Task description: Stopping at the line that holds "HONDA STEPWGN 4WD G 7seats 2015", repeat the lines below exactly, starting from the very first and including that final line.
Segment Start: Input data
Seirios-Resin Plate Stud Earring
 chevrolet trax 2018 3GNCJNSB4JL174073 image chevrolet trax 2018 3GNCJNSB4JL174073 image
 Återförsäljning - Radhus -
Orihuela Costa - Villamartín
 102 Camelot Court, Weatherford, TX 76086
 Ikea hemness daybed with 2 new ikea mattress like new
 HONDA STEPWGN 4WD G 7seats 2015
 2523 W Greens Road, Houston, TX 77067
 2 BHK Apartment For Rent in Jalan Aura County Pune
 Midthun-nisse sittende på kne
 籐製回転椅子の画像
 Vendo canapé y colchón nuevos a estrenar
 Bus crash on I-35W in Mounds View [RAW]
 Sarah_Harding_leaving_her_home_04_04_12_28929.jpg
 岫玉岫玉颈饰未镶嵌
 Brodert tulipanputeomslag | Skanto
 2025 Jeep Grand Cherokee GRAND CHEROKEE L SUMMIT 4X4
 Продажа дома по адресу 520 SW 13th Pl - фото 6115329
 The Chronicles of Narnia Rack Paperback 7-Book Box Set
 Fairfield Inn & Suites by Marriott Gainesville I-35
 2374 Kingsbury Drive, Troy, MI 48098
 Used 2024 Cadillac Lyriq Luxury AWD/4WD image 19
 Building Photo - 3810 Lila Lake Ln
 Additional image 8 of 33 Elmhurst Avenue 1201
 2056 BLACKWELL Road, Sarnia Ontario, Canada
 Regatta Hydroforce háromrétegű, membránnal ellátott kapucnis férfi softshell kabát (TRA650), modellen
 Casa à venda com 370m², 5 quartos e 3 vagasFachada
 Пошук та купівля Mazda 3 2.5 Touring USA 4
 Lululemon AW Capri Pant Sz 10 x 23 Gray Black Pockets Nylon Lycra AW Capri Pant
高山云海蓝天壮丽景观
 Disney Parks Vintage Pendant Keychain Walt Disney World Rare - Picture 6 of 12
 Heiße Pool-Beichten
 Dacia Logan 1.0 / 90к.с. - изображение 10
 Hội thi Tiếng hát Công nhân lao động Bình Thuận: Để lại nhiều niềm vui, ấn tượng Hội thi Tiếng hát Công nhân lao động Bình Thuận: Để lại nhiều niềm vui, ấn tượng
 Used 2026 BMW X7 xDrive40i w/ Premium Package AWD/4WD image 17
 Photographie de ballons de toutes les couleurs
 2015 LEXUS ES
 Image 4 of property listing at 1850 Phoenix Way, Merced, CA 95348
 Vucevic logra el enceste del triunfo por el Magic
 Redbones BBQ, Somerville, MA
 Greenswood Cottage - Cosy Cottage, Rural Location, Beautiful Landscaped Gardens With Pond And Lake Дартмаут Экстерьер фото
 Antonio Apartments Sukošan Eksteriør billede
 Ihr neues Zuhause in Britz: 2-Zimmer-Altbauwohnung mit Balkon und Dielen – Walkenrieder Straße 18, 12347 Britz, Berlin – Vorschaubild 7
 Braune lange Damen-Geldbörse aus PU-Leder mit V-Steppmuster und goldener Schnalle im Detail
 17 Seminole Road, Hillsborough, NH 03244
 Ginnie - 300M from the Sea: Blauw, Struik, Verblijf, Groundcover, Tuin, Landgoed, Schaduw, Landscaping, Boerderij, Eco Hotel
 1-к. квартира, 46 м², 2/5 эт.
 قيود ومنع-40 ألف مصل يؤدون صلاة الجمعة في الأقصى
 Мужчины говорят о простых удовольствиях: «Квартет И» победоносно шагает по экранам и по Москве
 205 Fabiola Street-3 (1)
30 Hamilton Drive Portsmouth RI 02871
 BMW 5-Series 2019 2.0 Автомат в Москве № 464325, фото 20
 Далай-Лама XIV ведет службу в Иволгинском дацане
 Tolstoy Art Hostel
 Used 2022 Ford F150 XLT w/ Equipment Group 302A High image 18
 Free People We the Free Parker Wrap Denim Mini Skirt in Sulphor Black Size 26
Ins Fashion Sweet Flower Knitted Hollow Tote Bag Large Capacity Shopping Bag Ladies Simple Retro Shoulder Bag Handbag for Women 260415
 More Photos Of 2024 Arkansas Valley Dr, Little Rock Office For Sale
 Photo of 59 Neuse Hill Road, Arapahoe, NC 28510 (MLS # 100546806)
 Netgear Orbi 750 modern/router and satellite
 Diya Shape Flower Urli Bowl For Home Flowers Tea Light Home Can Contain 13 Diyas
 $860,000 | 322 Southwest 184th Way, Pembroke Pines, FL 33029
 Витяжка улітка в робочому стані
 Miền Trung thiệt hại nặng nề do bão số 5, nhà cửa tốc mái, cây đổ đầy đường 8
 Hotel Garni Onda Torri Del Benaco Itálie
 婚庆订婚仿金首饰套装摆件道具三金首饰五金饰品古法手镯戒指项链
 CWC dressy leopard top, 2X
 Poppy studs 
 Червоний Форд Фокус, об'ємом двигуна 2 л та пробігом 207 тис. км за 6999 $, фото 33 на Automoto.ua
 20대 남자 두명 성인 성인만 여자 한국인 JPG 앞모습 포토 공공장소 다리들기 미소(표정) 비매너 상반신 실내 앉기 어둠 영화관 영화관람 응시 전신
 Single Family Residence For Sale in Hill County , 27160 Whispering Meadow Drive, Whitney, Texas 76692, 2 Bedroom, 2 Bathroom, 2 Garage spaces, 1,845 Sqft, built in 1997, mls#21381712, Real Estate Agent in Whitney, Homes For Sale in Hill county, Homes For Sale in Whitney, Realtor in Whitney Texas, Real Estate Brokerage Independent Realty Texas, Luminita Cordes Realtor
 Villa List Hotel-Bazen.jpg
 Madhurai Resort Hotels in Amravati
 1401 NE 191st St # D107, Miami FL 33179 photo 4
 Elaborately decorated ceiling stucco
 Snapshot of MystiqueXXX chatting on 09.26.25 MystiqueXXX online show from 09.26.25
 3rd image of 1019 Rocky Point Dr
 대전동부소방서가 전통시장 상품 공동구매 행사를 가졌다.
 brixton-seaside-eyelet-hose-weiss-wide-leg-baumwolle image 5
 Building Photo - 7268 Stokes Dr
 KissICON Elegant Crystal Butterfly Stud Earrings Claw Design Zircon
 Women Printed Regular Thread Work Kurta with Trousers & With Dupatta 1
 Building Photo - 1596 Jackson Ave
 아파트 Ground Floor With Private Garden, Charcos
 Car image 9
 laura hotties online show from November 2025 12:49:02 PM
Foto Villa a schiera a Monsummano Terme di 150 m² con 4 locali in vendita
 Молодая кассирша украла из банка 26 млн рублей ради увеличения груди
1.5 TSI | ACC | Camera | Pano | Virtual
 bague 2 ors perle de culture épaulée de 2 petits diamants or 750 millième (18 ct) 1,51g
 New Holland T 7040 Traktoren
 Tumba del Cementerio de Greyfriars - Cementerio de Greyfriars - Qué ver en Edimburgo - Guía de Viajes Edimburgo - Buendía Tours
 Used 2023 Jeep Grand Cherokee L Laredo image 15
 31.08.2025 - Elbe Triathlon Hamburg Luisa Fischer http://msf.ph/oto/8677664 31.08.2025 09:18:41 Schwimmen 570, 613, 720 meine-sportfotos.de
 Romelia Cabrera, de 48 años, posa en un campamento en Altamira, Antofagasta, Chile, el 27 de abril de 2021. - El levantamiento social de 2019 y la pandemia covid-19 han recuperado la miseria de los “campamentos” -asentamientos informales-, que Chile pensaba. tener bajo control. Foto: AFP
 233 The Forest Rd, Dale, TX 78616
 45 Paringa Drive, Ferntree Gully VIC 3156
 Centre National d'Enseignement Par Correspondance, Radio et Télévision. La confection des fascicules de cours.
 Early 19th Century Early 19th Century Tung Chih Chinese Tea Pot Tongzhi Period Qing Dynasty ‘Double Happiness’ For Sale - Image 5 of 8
Segment End: Input data
Finished task:
Seirios-Resin Plate Stud Earring
 chevrolet trax 2018 3GNCJNSB4JL174073 image chevrolet trax 2018 3GNCJNSB4JL174073 image
 Återförsäljning - Radhus -
Orihuela Costa - Villamartín
 102 Camelot Court, Weatherford, TX 76086
 Ikea hemness daybed with 2 new ikea mattress like new
 HONDA STEPWGN 4WD G 7seats 2015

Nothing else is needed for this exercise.